There is a post written on Google+ by John Mueller that explains how the Search Console reporting works and why it may seem delayed for some of the reports.
Basically, it takes time for data to get to the Search Console because of two reasons:
- The time it takes Google to send the data from the crawling department to the search console department
- Different URLs on a site can be crawled less or more frequently
Here’s how John Mueller put it:
There are two time-elements involved that are good to be aware of when it comes to the aggregated reports in Search Console:
- Latency from crawling to reporting. It takes a few days (to about a week) for Search Console to display data after it’s been crawled. There are various processes that run over the data, and Search Console tries to reflect the final state — which can take a bit of time to get. This is particularly visible with an abrupt change, such as going from “no AMP pages” to “lots of AMP pages.”

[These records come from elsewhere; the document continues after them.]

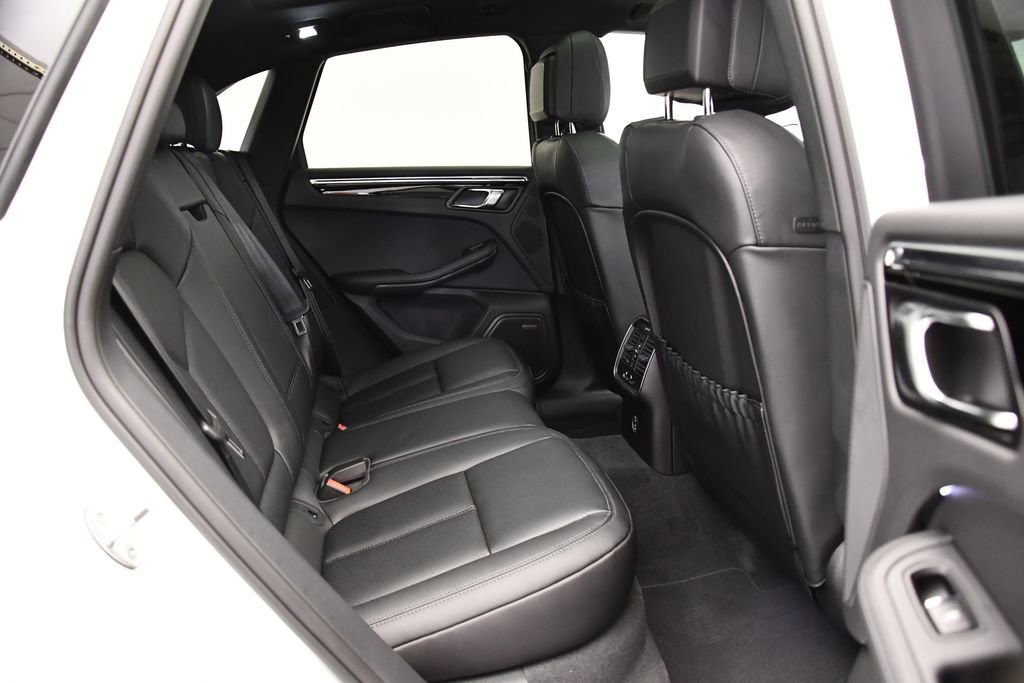Used 2025 Porsche Macan image 50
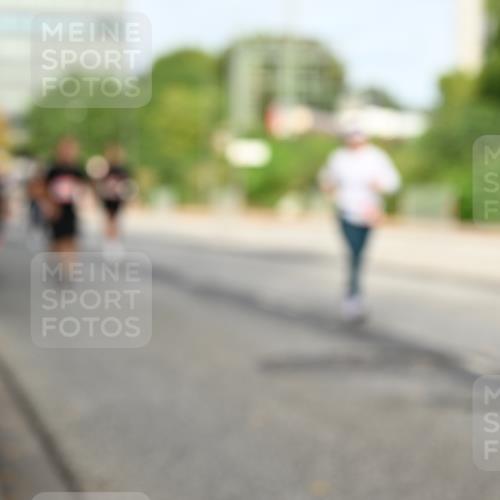 06.09.2026 - CURREX Alsterlauf Dr. Thomas Lammeyer http://msf.ph/oto/10137789 06.09.2026 10:03:42 Laufen  meine-sportfotos.de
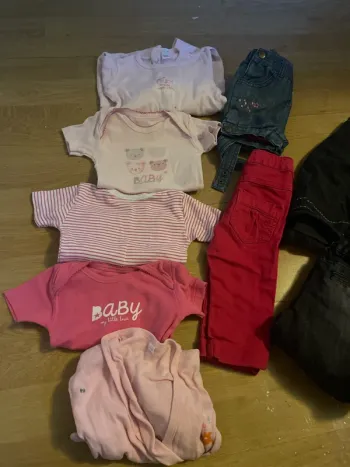Lot vêtements fille 9 mois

- Per-URL crawl rates differ. Some URLs are crawled every few minutes, others just every couple months, and many somewhere in between. If you go from “all URLs are broken” to “all URLs are fixed” (which is awesome if you have a way to do that!), it will take some time to drop to “zero errors” in the aggregated reports. This is probably too much, but I created a simple spreadsheet to show that, feel free to make a copy & play with it: https://goo.gl/1pToL8
It seems that if your site AMP errors, or hasn’t seen that you haven’t fixed previous errors from the following day, it’s basically due to time delays in crawl and report delivery.